Tag: tppo

  • sihanoukville

    Agen perekrut tenaga kerja memanfaatkan jalur-jalur tikus yang dianggap aman untuk menyelundukan para pekerja migran ilegal yang hendak dibawa ke Kamboja. Selain lebih murah, jalur-jalur ini juga lebih mulus dari pemeriksaan petugas imigrasi. Jalur laut salah satunya. 

    (Lontar.co): Pola ‘distribusi’ pekerja migran ilegal yang dikirim ke Kamboja punya kecenderungan yang sama, hal ini merujuk pada berbagai pengungkapan kasus pekerja migran yang hendak dikirim ke Kamboja. 

    Pekerja migran asal Pulau Jawa dikirim melalui udara, sedangkan pekerja asal Pulau Sumatera lebih banyak dikirim melalui jalur laut. 

    Hal ini selaras dengan pengakuan Agus dan J, dua dari puluhan bahkan ratusan pekerja migran asal Lampung yang hendak dan sudah pernah dikirim ke Kamboja, mereka dibawa melalui jalur laut. 

    Umumnya, jalur laut yang digunakan adalah melalui Pulau Batam menuju Singapura atau Pulau Batam menuju Malaysia. 

    Di Pulau Batam, ada begitu banyak pelabuhan selain pelabuhan internasional Batam Center, ada empat pelabuhan lain yakni; Pelabuhan Sekupang, Pelabuhan Harbour Bay, Pelabuhan Teluk Senimba dan Pelabuhan Nongsapura. 

    Itu yang resmi, sementara pelabuhan yang tak resmi pun tak sedikit jumlahnya. 

    Pelabuhan-pelabuhan ini memiliki jalur lintasan utama yakni; Singapura dan Malaysia. 

    Untuk yang ke Singapura, aksesnya melalui Selat Singapura.  

    Sedangkan yang ke Malaysia, selain Selat Singapura juga melintasi Selat Malaka—salah satu jalur sutera pada masa lampau, hingga ke Selat Johor, kemudian dilanjut dengan perjalan darat yang panjang. 

    Agus misalnya, eks pekerja migran ilegal ini, awalnya dibawa menuju Batam dengan pesawat dari Jakarta. 

    Selanjutnya, ia dan rombongannya bersama dua orang agen pendamping, ke luar Indonesia melalui pelabuhan internasional Batam Center. 

    Di pelabuhan ini, rombongan Agus berhasil lolos, karena paspor turis yang mereka buat cukup meyakinkan. 
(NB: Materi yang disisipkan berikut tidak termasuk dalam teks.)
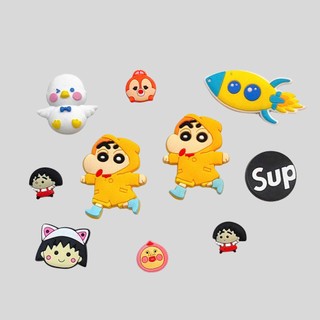 SET CHARM : SHIN X MARUKO : SET SIÊU DỄ THƯƠNG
    Mereka menuju Pelabuhan Puteri di Johor Baru, Malaysia selanjutnya melalui jalur darat selama 31 jam perjalanan lebih. 

    Sedangkan J, yang gagal berangkat setelah dihadang patroli gabungan TNI AL, BP3MI dan Polda Riau di Laut Dumai (8/5/2025), mengaku bertolak melalui pelabuhan kecil di Riau. 

    Ia tak tahu nama pelabuhannya, ketika mereka tiba di pelabuhan yang disebutnya kecil itu, sudah ada satu speedboat yang menunggu.  

    Ia melihat pelabuhan itu bukan seperti pelabuhan penyeberangan pada umumnya karena lebih banyak kapal milik nelayan. 

    Ia juga sempat kaget saat melihat kondisi speedboat yang tak memadai untuk mengangkut 20 orang menuju Malaysia. 

    sihanoukville
    Perahu speedboat yang kerap dipakai untuk membawa para pekerja migran ilegal. Foto: ist

    “Sepanjang perjalanan saya berdoa saja, karena takut perahunya tenggelam. Perahunya kecil tapi ngangkut puluhan orang,” ujarnya kepada petugas. 

    Jalur laut memang diminati oleh sindikat agen perekrut tenaga kerja di Indonesia, karena selain biayanya murah juga minim resiko. 

    Sebagai perbandingan, biaya satu kepala tenaga kerja yang dikirim ke Kamboja melalui jalur laut hanya butuh biaya kurang dari Rp4 juta, biaya itu bahkan sudah termasuk biaya membuat paspor, jika diperlukan. Karena, umumnya paspor-paspor calon pekerja migran ‘terpaksa’ dibuat jika harus  menggunakan pesawat terbang atau ketika terpaksa harus masuk ke Pelabuhan Internasional Batam Center. 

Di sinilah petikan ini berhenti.